2. The method for identifying video behaviors based on a time-series causal convolution network as claimed in claim 1, wherein the time-series causal convolution has convolution kernels with sizes of 1 along the height and width dimensions of the frame image and 3 along the time dimension, and the convolution operation at each time point is feature fusion of the time point and its two past time points; the structure is used for mining short-term historical motion information.

3. The video behavior identification method based on the time sequence causal convolution network as claimed in claim 1, wherein the spatial convolution has convolution kernels with sizes of 3 along the height and width dimensions of the frame image, the convolution kernel size in the time dimension is 1, and the convolution operation of each spatial position is feature fusion of the spatial position and 8 points in its spatial neighborhood; the structure is used for learning frame image space semantic information.

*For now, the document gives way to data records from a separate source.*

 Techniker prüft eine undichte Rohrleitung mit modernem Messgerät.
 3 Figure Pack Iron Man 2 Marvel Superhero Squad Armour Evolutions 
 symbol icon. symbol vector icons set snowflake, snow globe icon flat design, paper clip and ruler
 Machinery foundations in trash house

4. The video behavior recognition method based on the time-series causal convolutional network of any one of claims 1-3, wherein the behavior classifier in step 3 is a linear classification layer covering common behavior classes and no behavior classes; mapping the extracted features to a classification space to obtain the probability of each class, sequencing the probabilities of all the classes from large to small, returning the behavior class corresponding to the maximum probability value, and finally obtaining the behavior class.

5. The video behavior identification method based on the time sequence causal convolutional network as claimed in claim 4, wherein the regression network in step 3 includes a linear layer and a Sigmoid function, and the current progress of the behavior obtained through the regression network is obtained by obtaining a predicted value between 0 and 1 through the linear layer and the Sigmoid function when a predetermined behavior class is predicted to appear; 0 represents the beginning of the action and 1 represents the end of the action; if no predetermined behavior category is predicted, the return value of the progress regression network is 0, i.e., no progress.

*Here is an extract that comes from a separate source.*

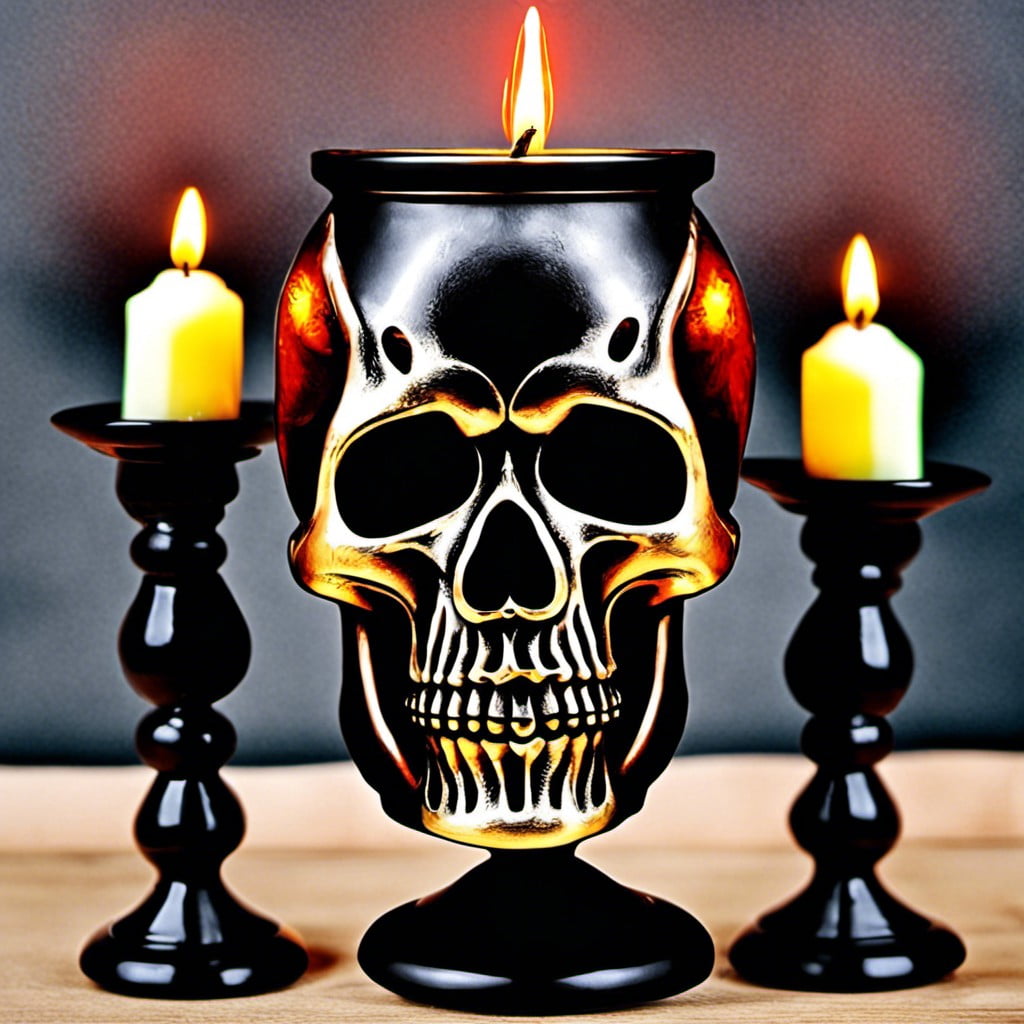 skull candle holder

6. The video behavior identification method based on the time sequence causal convolutional network as claimed in claim 5, wherein the convolutional network partial hidden layer feature of the cache time t in step 4 is input into a feature map for the time sequence causal convolutional module to cache the features of the current time and the previous time; for the cause and effect self-attention mechanism module, caching and updating the characteristics of the historical time points stored by the key K at each moment; at the next moment, step 2 will be re-entered to update the prediction state.